Optical Communication Products is to shut down its Colorado facility, the former Cielo business that specialized in long-wavelength VCSELs based on dilute nitride structures.

The long-wavelength VCSEL unit belonging to Optical Communication Products (OCP) is to shut down at the end of this month.

"We expect to cease operation of our Colorado facility as of January 31, 2006," said OCP in a December filing to the Securities and Exchange Commission, claiming that the declining cost of Fabry-Pérot edge-emitting lasers has made 1300 nm VCSELs an unattractive proposition for their replacement in future modules.

As recently as last July, OCP's director of VCSEL technology Dave Kisker told Compound Semiconductor magazine that the InGaAsN devices were alive and well in two of OCP's transceiver products, with more applications in the pipeline.

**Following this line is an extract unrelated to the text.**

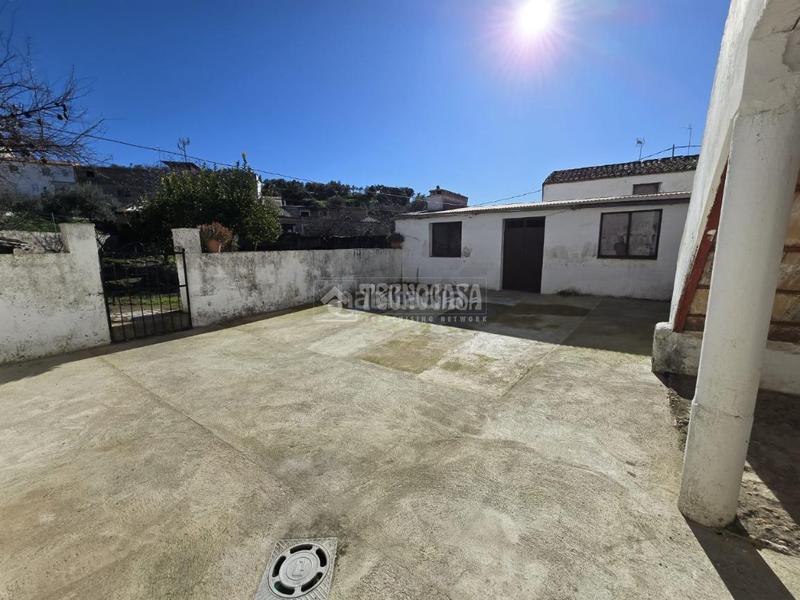 Foto 9e45b844-527e-49ae-aaa1-9f79405973d9. Casa aparellada amb aparcament a Alburquerque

Because they were based on a dilute-nitride structure, the long-wavelength VCSELs could be fabricated on much cheaper GaAs substrates rather than on InP. However, it appears that OCP does not regard that cost advantage as sufficient to displace the edge-emitters.

"We expect to cease the immediate development of products based on 1300nm VCSEL technology, although we will retain the intellectual property for future development," added OCP, which is headquartered in Woodland Hills, CA.

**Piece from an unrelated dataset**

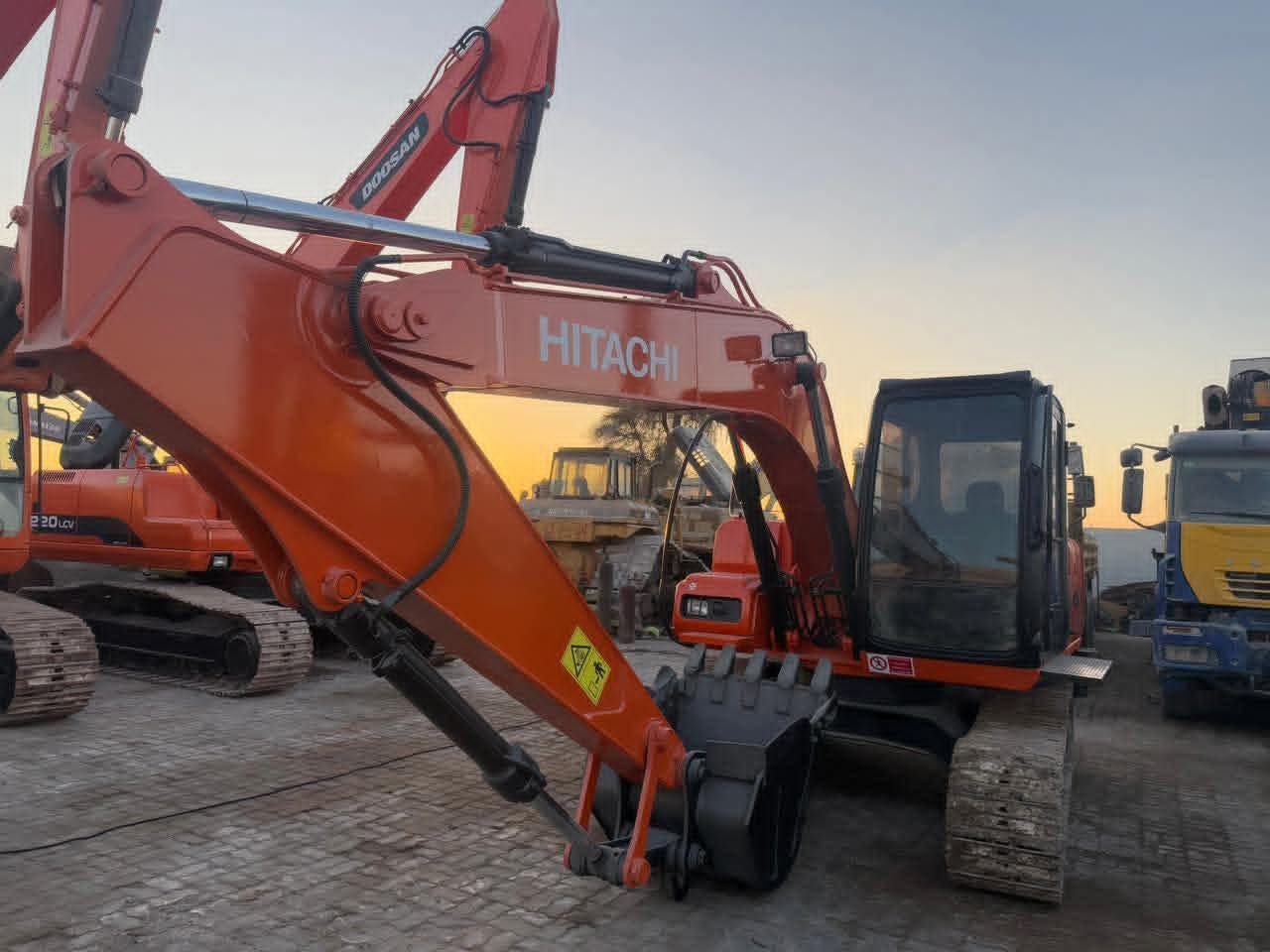 Hitachi excavator for sale in Idlib, Hitachi ZX120 model 2015 available in Idlib, the best site for selling trucks and heavy equipment in Syria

OCP acquired the Broomfield, CO, facility from Cielo Communications back in October 2002 after the optical telecom bubble had burst, paying $5 million (see related story).

Included in that sale was capital equipment, inventory and intellectual property.

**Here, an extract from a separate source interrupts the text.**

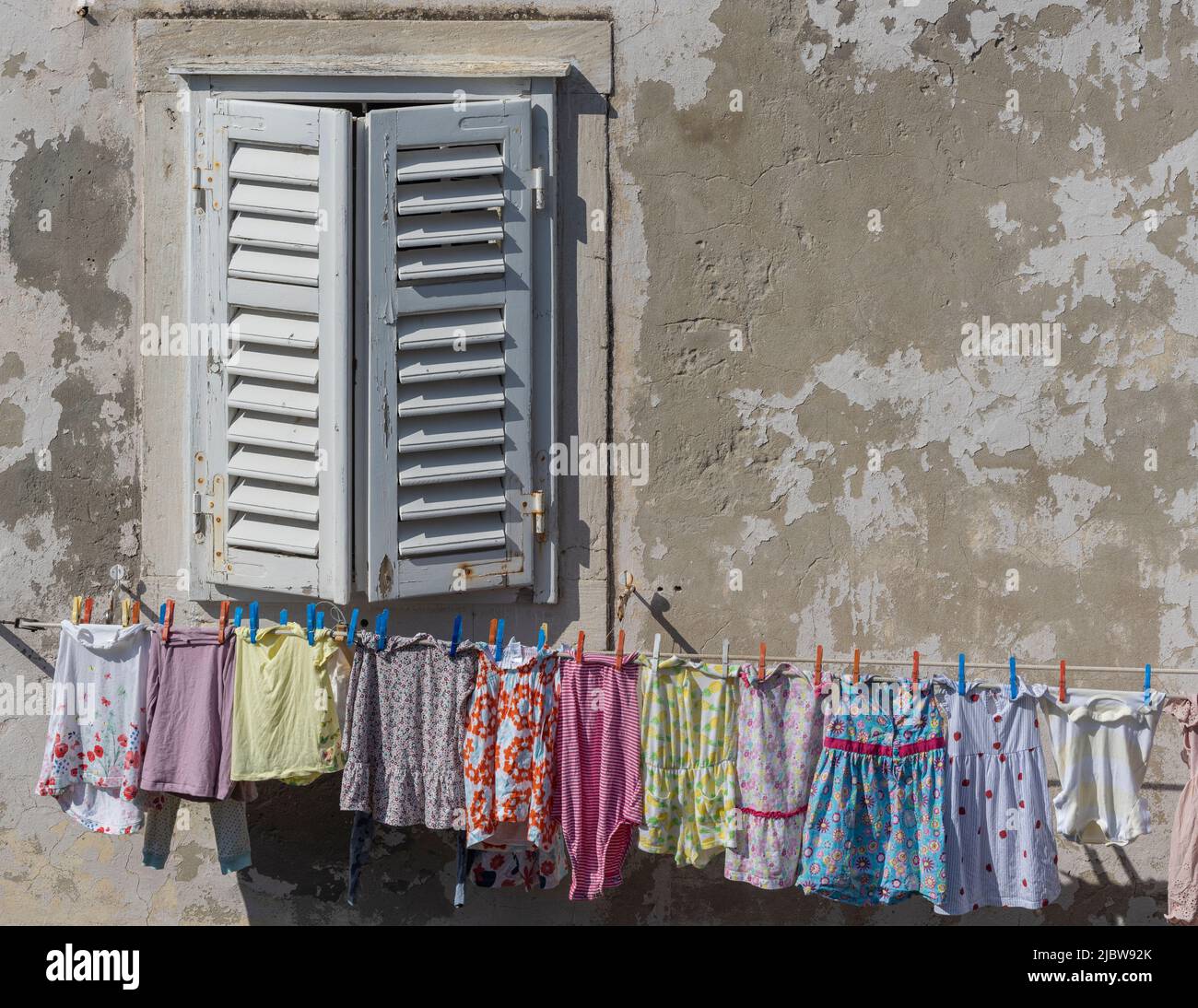 Séchage de linge sur une Clothline, vieille ville, Dubrovnik, Croatie Banque D'Images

Other companies still targeting the market for fiber-optic components with dilute-nitride lasers include the US company Picolight and the Danish firm Alight Technologies.

Alight acquired dilute-nitride know-how in its buy-out of one of the last remaining parts of Infineon Technologies' fiber-optic business last year, and is in the process of marrying this technology with its existing photonic bandgap structures to increase the output power of the devices.